In this post, I’ll delve into Bayesian Inference which is used to determine the probably of cause and effect. That is; when I observe an event, with what certainty can I deduce the reason for it?

This is based on a probability theorem discovered by the English statistician  Thomas Bayes, though it would be wrong to attribute all the glory to him alone; Bayes’ notes were corrected, compiled and published posthumously by Richard Price (a Fellow of the Royal Society), and it was Pierre-Simon Laplace who understood the wide-ranging reach of (what is now called) Bayesian Logic.

Thomas Bayes

First a little review of the basics; probability is all about measuring the likelihood of events occurring, this can be calculated using the following ratio:

\textbf{probability of event occurring} = \frac{\textbf{number of times event can occur}}{\textbf{number of all possible events}}

In technical notation, the “probability of event occurring” is denoted P(\textbf{event}). So, for example, the probability of rolling a 1 on a 6-sided die. Would be calculated as follows:

P(\textbf{1}) = \frac{\textbf{number of sides on a die with value 1}}{\textbf{total number of sides on a die}} = \frac{\textbf{1}}{\textbf{6}} =  \textbf{0.1666666666666667}

Taking another example, the probability of someone having an Apple iPhone would be expressed as follows:

P(\textbf{iPhone}) = \frac{\textbf{number of people who have an iPhone}}{\textbf{total number of people}}

Similarly, the probability of owning an iMac would be:

P(\textbf{iMac}) = \frac{\textbf{number of people who have an iMac}}{\textbf{total number of people}}

This is all very interesting, but Bayesian logic allows us to take things a step further so that we can calculate the probability of something being true (e.g. that someone has an iPhone) if we already know something else is true (i.e. they already have an iMac).  The probability of something (A) being true given than something else (B) is already true, is denoted as P(\textbf{A} |\textbf{B}), or in our case P(\textbf{iPhone} |\textbf{iMac}).

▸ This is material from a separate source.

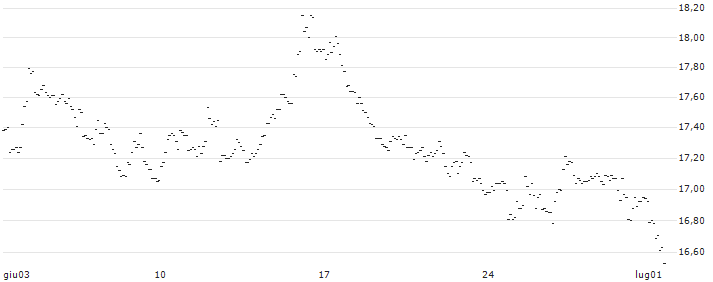 TURBO UNLIMITED SHORT- OPTIONSSCHEIN OHNE STOPP-LOSS-LEVEL - HANNOVER RUECK : Grafico di Prezzo (5 giorni)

In probability, the denominator (the thing on the bottom of the fraction) is the entire population. When we were just considering the probability of having an iPhone the denominator was the total number of all people. However, now our denominator will be the probability of the person having an iMac.

The nominator (the stuff on the top of the fraction) is the subpopulation we’re trying to focus on. In your case, this population has an iPhone and, having this iPhone, also has an iMac.

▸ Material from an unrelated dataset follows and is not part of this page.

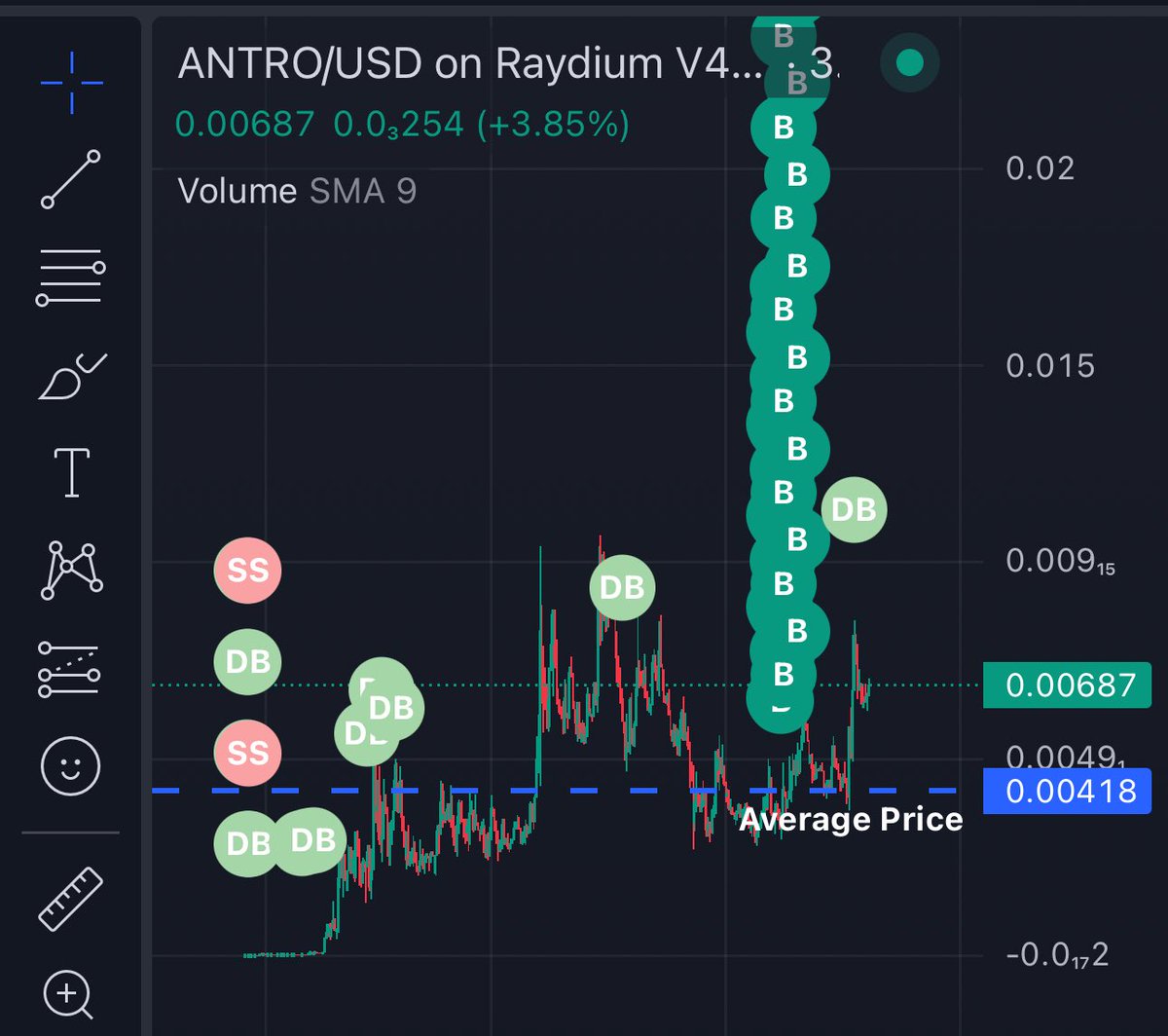 18decimals's tweet photo. $ANTRO @AntroOne saving my ass today..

So the Bayesian theorem in full is written as follow:

P(\textbf{iPhone} |\textbf{iMac}) = \frac{P(\textbf{iMac} |\textbf{iPhone}) \textbf * P(\textbf{iPhone})}{P(\textbf{iMac})}

It seems a little backwards that in order to determine the probability that someone who has an iMac will also have an iPhone, you need to know the probability that someone who has an iPhone also has an iMac. However it it necessary since our numerator is really capturing two distinct events (each with its own probability of occurrence): first that he person has an iPhone (i.e. P(\textbf{iPhone}) ), and second that given someone has an iPhone what is the probability they also have an iMac (i.e. P(\textbf{iMac} |\textbf{iPhone}) ).

Unfortunately, there’s quite a lot of different variables in this theorem, which makes it difficult to apply. However this can be simplified (though it will appear that we’ve made it more complicated).

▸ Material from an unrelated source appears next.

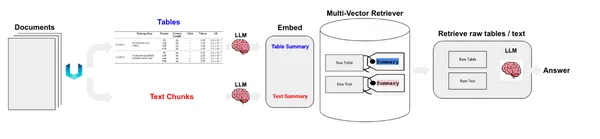 Building the RAG Pipeline | Semi-structured Data with Langchain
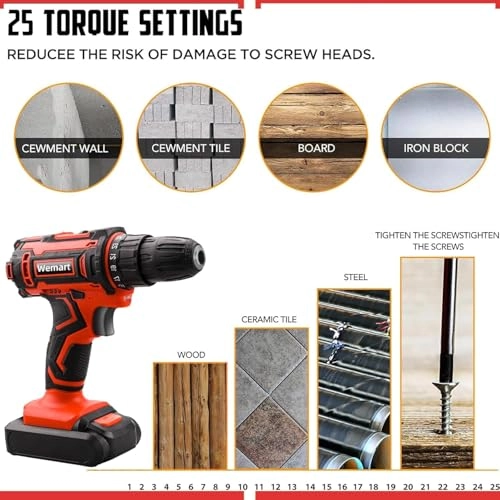 Cordless Drill Set - 1.5 Amp Hours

The total probability of having an iMac can be expressed as the probability of having an iMac if there already an iPhone and the probability of having an iPhone, plus the probability of having an iMac and no iPhone and the probability of not having an iPhone.

This can is written as follows:

P(\textbf{iMac}) = P(\textbf{iMac} |\textbf{iPhone}) \textbf * P(\textbf{iPhone}) +  P(\textbf{iMac} |\neg\textbf{iPhone}) \textbf * P(\neg\textbf{iPhone})

This would seem to be hyper pedantic, but note two things:

  1. We can express the probability of having an iMac while completely replacing P(\textbf{iMac})
  2. Also we know that P(\textbf{iPhone})  + P(\neg\textbf{iPhone}) = 1 , so if we know one we can easily calculate the other.

Now we can replace the denominator of Bayes’ theorem as follows:

P(\textbf{iPhone} |\textbf{iMac}) = \frac{P(\textbf{iMac} |\textbf{iPhone}) \textbf * P(\textbf{iPhone})}{P(\textbf{iMac} |\textbf{iPhone}) \textbf * P(\textbf{iPhone}) +  P(\textbf{iMac} |\neg\textbf{iPhone}) \textbf * P(\neg\textbf{iPhone})}

This may look more complicated than the original equation, but now that we’ve significantly reduced the number of variables in the formula and so it should (in theory) be easier to compute.